Je n'ai pas nécessairement toutes les réponses à ce problème, mais je crois que l'approche que les représentants d'Agriculture et Agroalimentaire Canada ont dit avoir l'intention d'utiliser, c'est-à-dire les consultations afin d'identifier certains des mécanismes qui permettraient de fournir aux consommateurs les renseignements voulus, contribuera grandement à nous aider à présenter des messages cohérents, homogènes et simples.

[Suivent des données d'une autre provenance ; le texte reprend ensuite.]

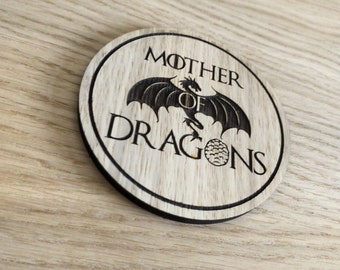 Laser cut wooden coaster. Mother of Dragons  - Unique Gift lasercut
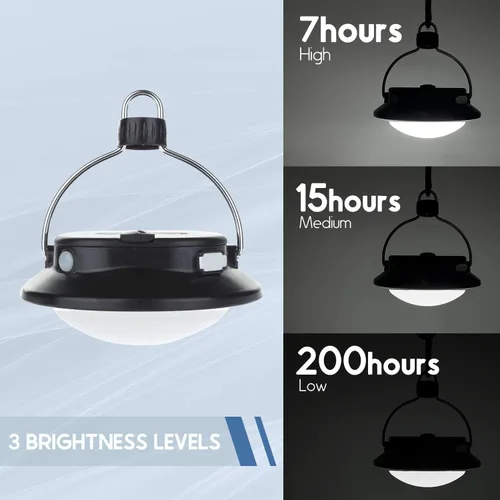 Vista 6 de SUBOOS Gen 2 Pro 3000LM UFO Linterna de Camping Recargable, Luz Portátil para Tienda de Campaña, 200h de Duración, Impermeable para Camping, Toldo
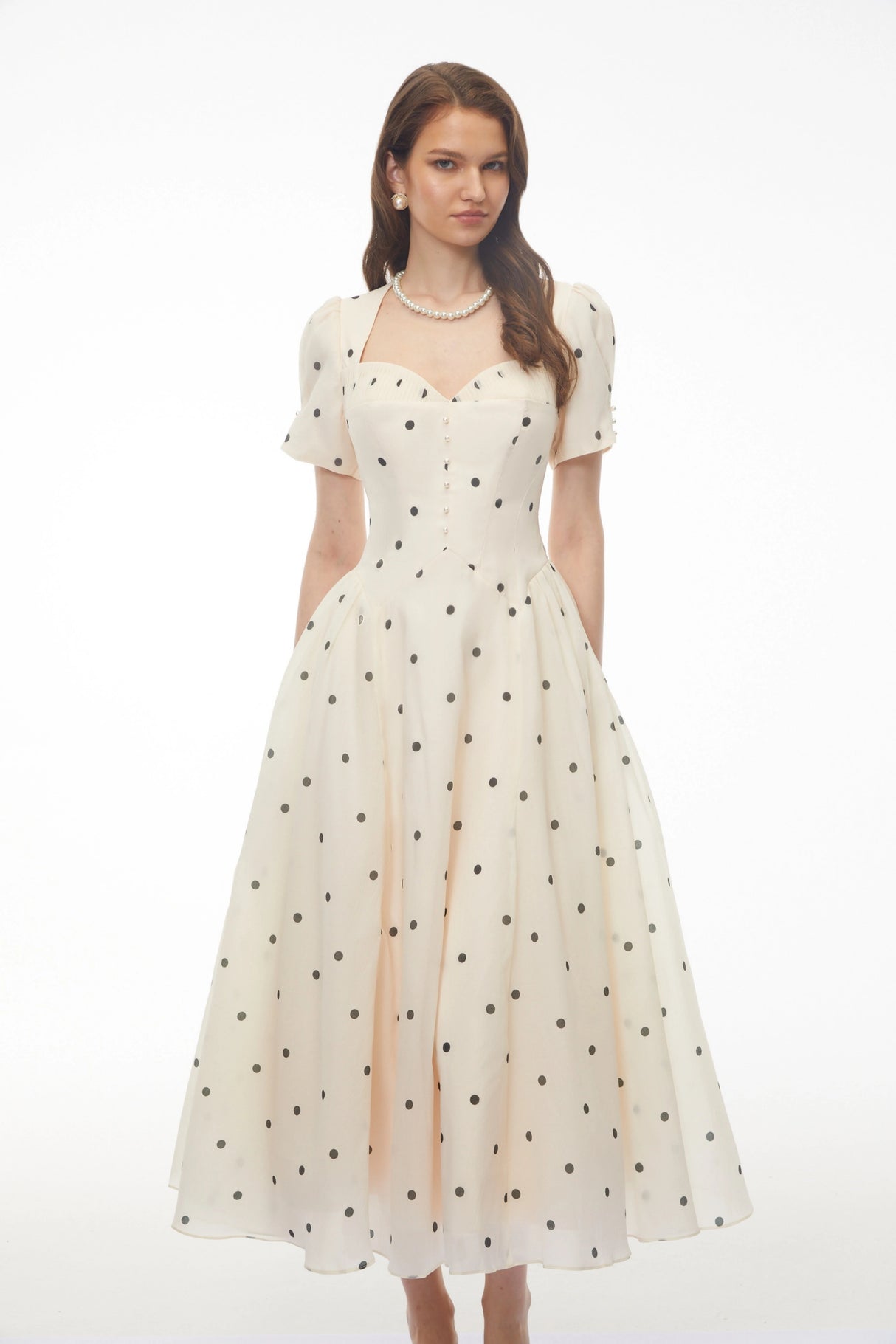 Javaneh White Polka Dot Maxi Dress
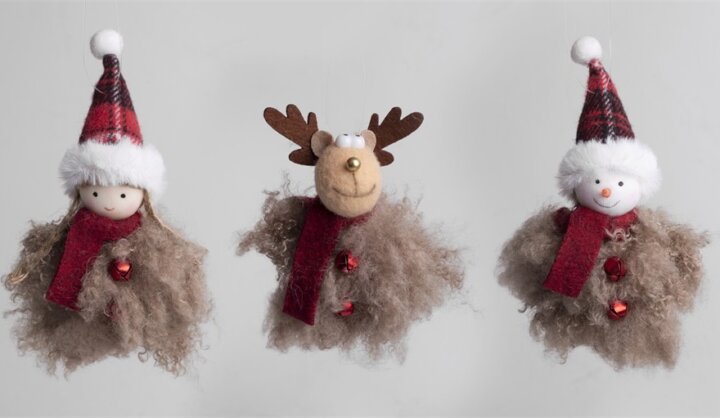 Iris Karácsonyi Felakasztható textil figura 14cm - Barna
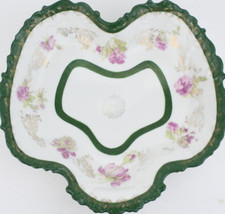 Royal Austria Nut Bowl Yellow Pink Rose Teal Emerald Green Oscar & Edgar Gutherz picture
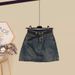 Women's Clothing Large Size Gentle Outfit For Women New Style Niche Simple Square Collar Versatile Top High Waist Denim Skirt Two Piece Suit_ecoleips.com
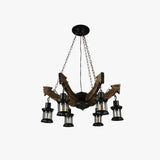 Lustre Bois Et Noir Industriel Vintage Créatif - Clowas.fr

Mme Groote: Je voudrais ajouter quelque chose à cela. J'ai mentionné que le public ne constitue pas une masse uniforme et qu'il est très difficile d'essayer de faire passer des messages aux différents segments de la population. Il faut comprendre de qui il s'agit. Il faut comprendre qu'il y a des gens que ces renseignements n'intéressent aucunement et qui n'en veulent pas. Essayez-vous de leur donner ces renseignements ou dites-vous que puisque ce groupe n'en veut pas vraiment, il faut se concentrer sur les gens qui en veulent? Il y a 27 millions de Canadiens; comment s'adresser à tous?

C'est un défi auquel nous commençons tous à nous attaquer maintenant. Je pense que nous avons en effet tous commencé à le faire depuis septembre dernier, probablement, lorsque nous nous sommes rendu compte que ces produits commençaient à être créés.

Pour en revenir aux sondages, les gens sont vraiment embrouillés. Ils ne savent que croire et qui croire, dans bien des cas, parce qu'ils reçoivent constamment des messages confus. Les scientifiques sont souvent en désaccord sur diverses questions. Si nous pouvons en croire ces sondages, je pense que le public commence de plus en plus à chercher des renseignements sur ce genre de produits. Les gens veulent seulement pouvoir se faire leur propre idée maintenant. Ils commencent à ne plus vouloir qu'on leur dise quoi faire, ils veulent plutôt prendre leurs propres décisions.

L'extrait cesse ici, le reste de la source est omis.